→ EXERCISE GOAL:
Any images in the records should be skipped; transcribe the rest exactly.

□ □ □

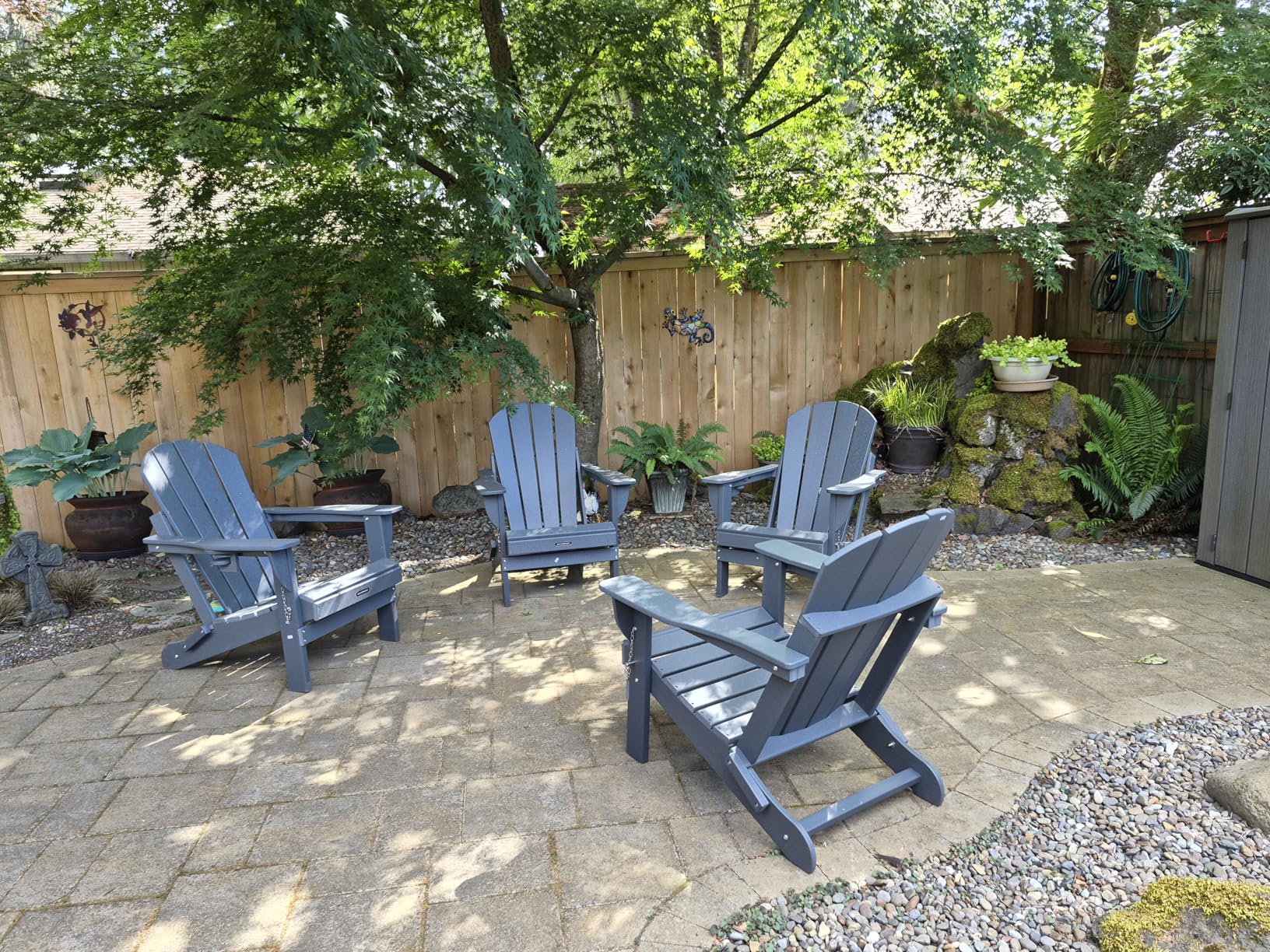 MUCHENGHY Folding Adirondack Chairs, Patio Chairs, Lawn Chairs, Outdoor Chair, Adirondack Chair Plastic, Fire Pit, Weather Resistant with Cup Holder for Deck, Backyard, Garden(Gray) customer photo 1
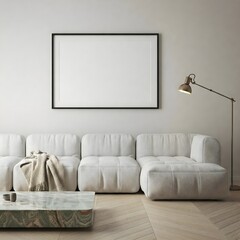 minimalist living room bathed in natural light from a large window. Frame mockup, Living room wall poster mockup. Interior mockup with house background. Modern interior design. 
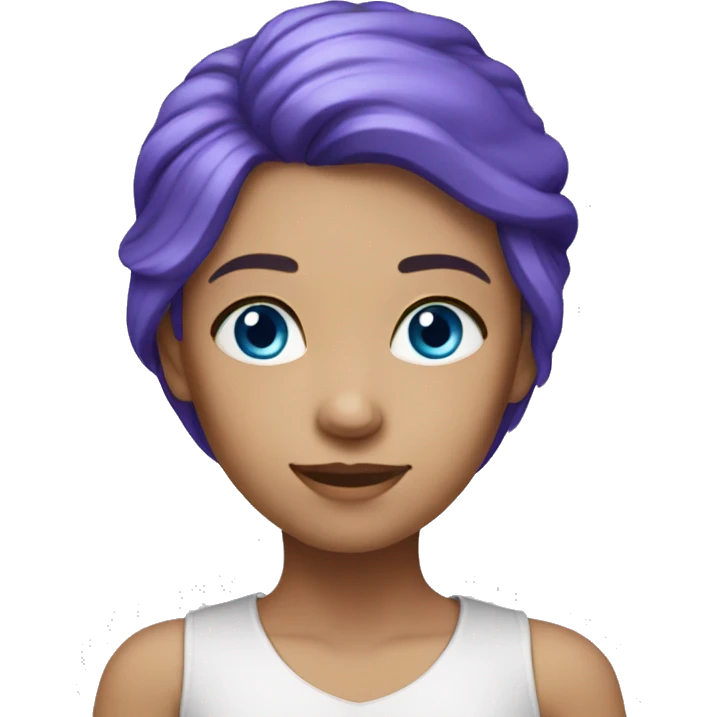 girl (long hair) (purple hair) (blue eyes) (fair skin)  emoji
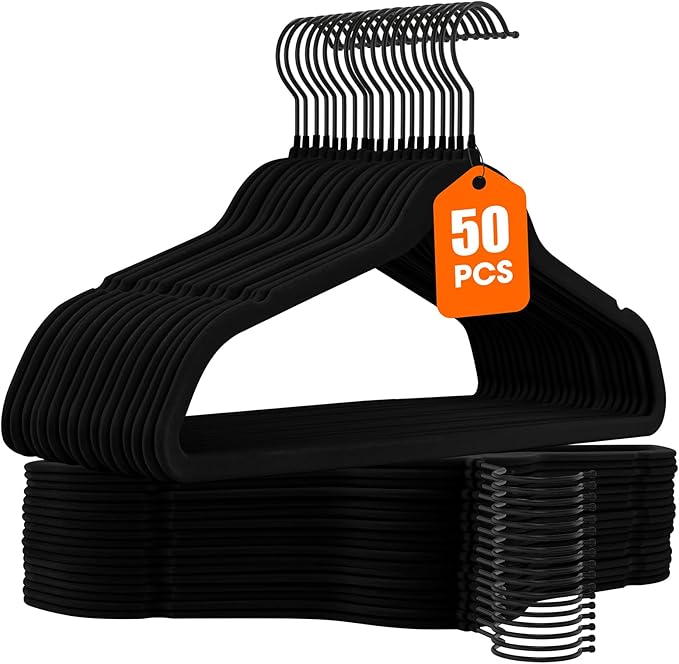 50 Pack Black Velvet Hangers, Coat Hanger Non Slip, Heavy-Duty, Space Saving by Uinicor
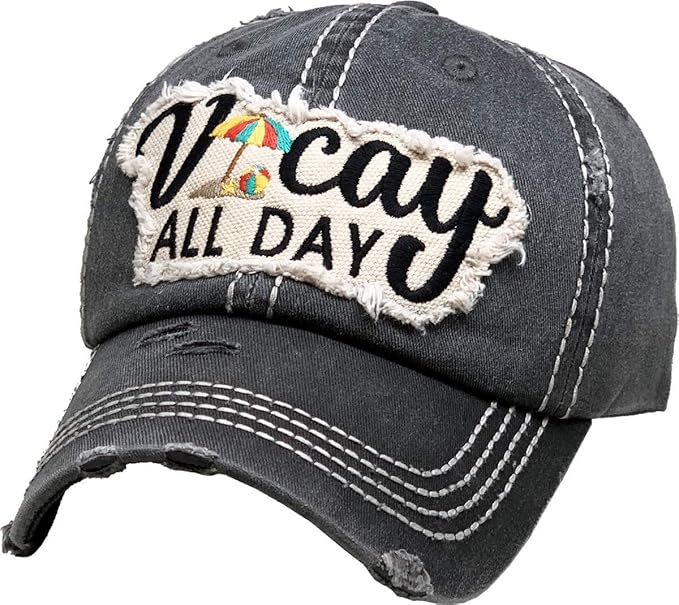 Funky Junque Distressed Vintage Baseball Cap - Embroidered Patch Women's Hat - Holiday, Lifestyle & Patriotic Designs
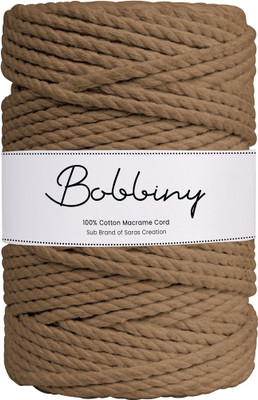 Bobbiny 3PlyTwisted Macrame 4mm 50Mtr.Cotton Cord Dori Thread Macrame Brown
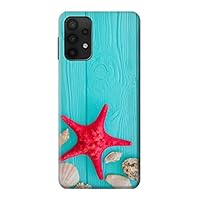 R3428 Aqua Wood Starfish Shell Case Cover for Samsung Galaxy A32 5G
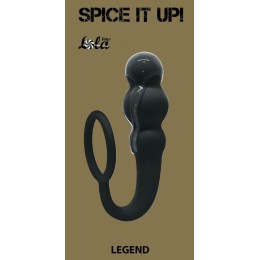 Чёрное эрекционное кольцо Legend с анальным стимулятором 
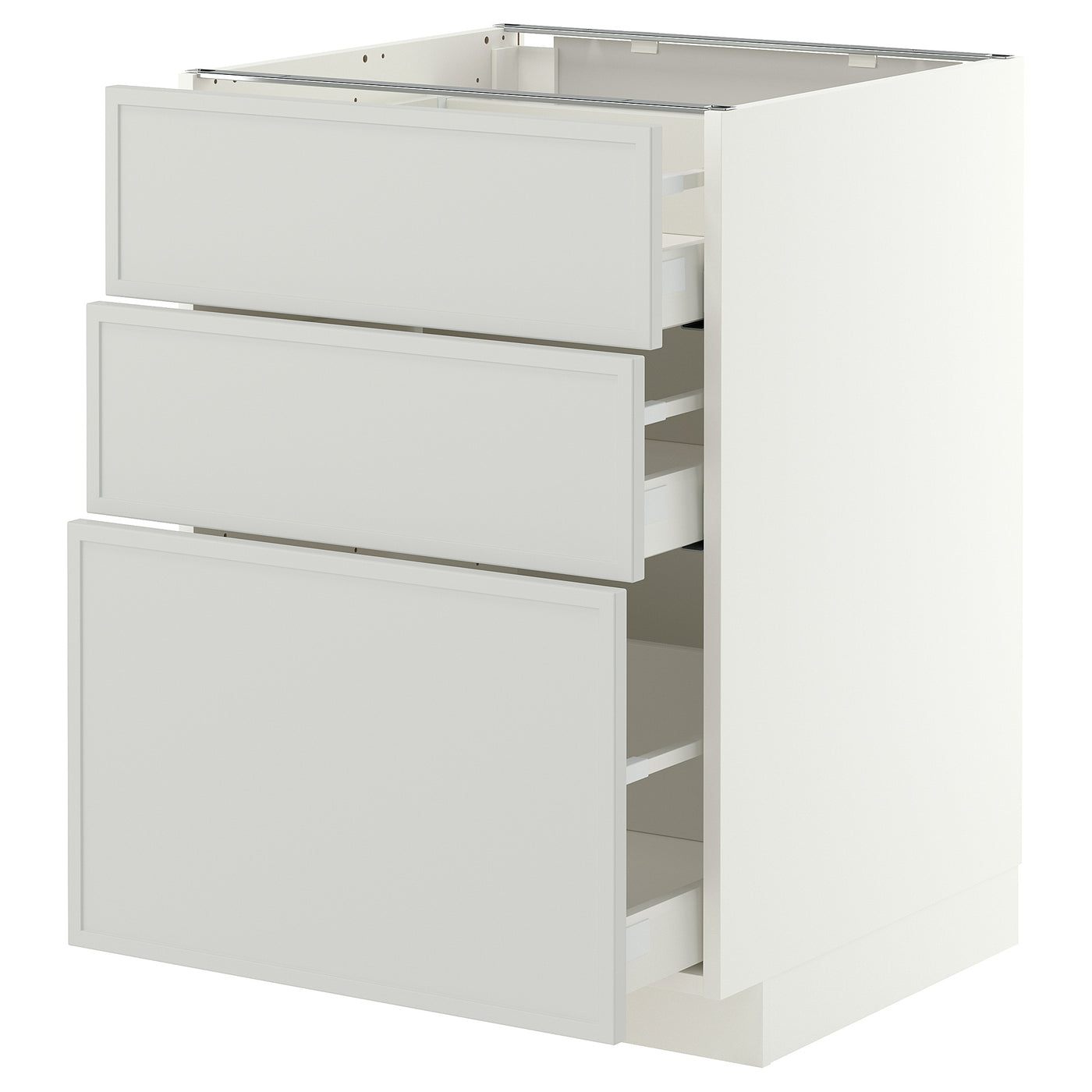 METOD / MAXIMERA base cabinet with 3 drawers, white/Aspudden light grey, 60x60 cm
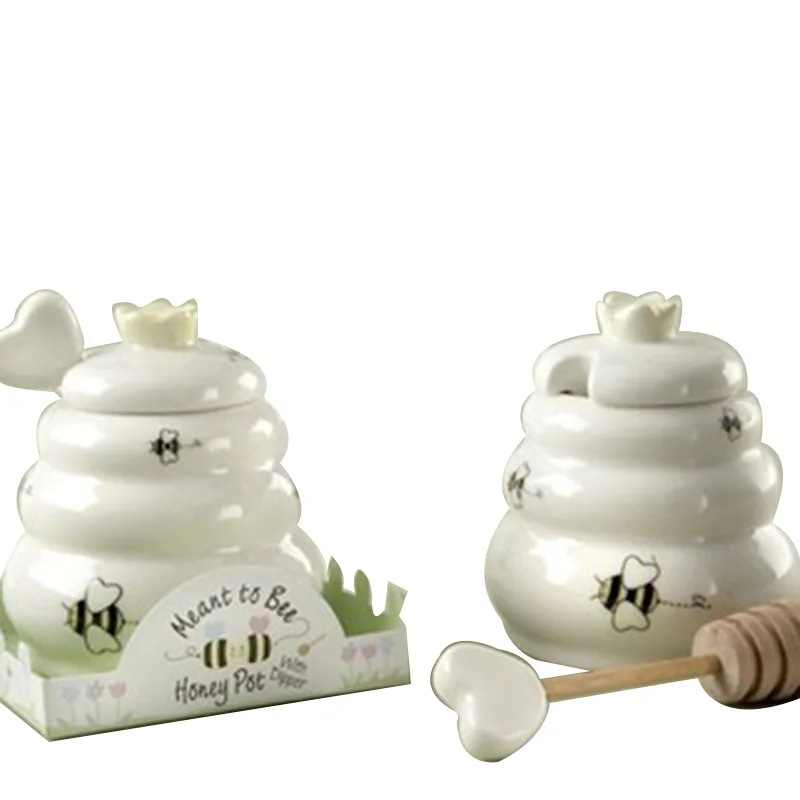 MEANT TO BEE Ceramic Honey Pot Set With Honey Dipper in Favor Box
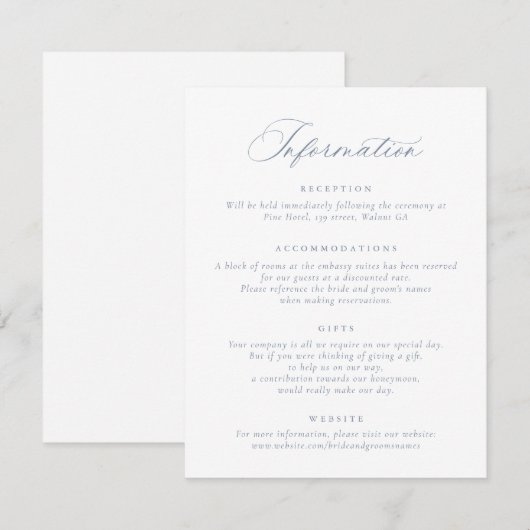 Elegant Calligraphy Script Weddeninformatie Kaart (Voorkant / Achterkant)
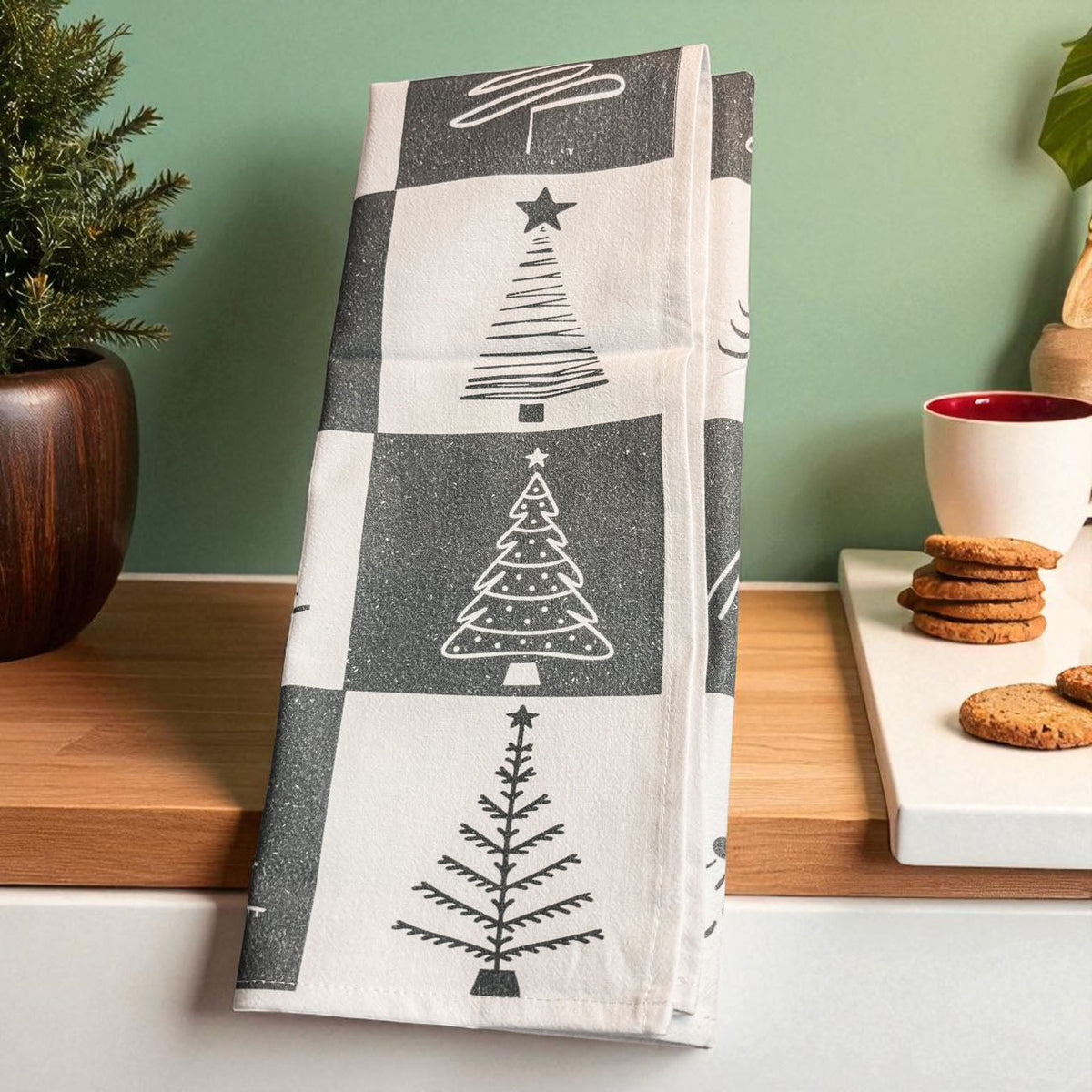 Hand-Drawn Christmas Tree Block Pattern Kitchen Towel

□ □ □

→ TASK ANSWER:
 MUCHENGHY Folding Adirondack Chairs, Patio Chairs, Lawn Chairs, Outdoor Chair, Adirondack Chair Plastic, Fire Pit, Weather Resistant with Cup Holder for Deck, Backyard, Garden(Gray) customer photo 1
 minimalist living room bathed in natural light from a large window. Frame mockup, Living room wall poster mockup. Interior mockup with house background. Modern interior design. 
 girl (long hair) (purple hair) (blue eyes) (fair skin)  emoji
 50 Pack Black Velvet Hangers, Coat Hanger Non Slip, Heavy-Duty, Space Saving by Uinicor
 Funky Junque Distressed Vintage Baseball Cap - Embroidered Patch Women's Hat - Holiday, Lifestyle & Patriotic Designs
 Bobbiny 3PlyTwisted Macrame 4mm 50Mtr.Cotton Cord Dori Thread Macrame Brown
 R3428 Aqua Wood Starfish Shell Case Cover for Samsung Galaxy A32 5G
 Чёрное эрекционное кольцо Legend с анальным стимулятором 
 METOD / MAXIMERA base cabinet with 3 drawers, white/Aspudden light grey, 60x60 cm
 MEANT TO BEE Ceramic Honey Pot Set With Honey Dipper in Favor Box
 Elegant Calligraphy Script Weddeninformatie Kaart (Voorkant / Achterkant)
 Hand-Drawn Christmas Tree Block Pattern Kitchen Towel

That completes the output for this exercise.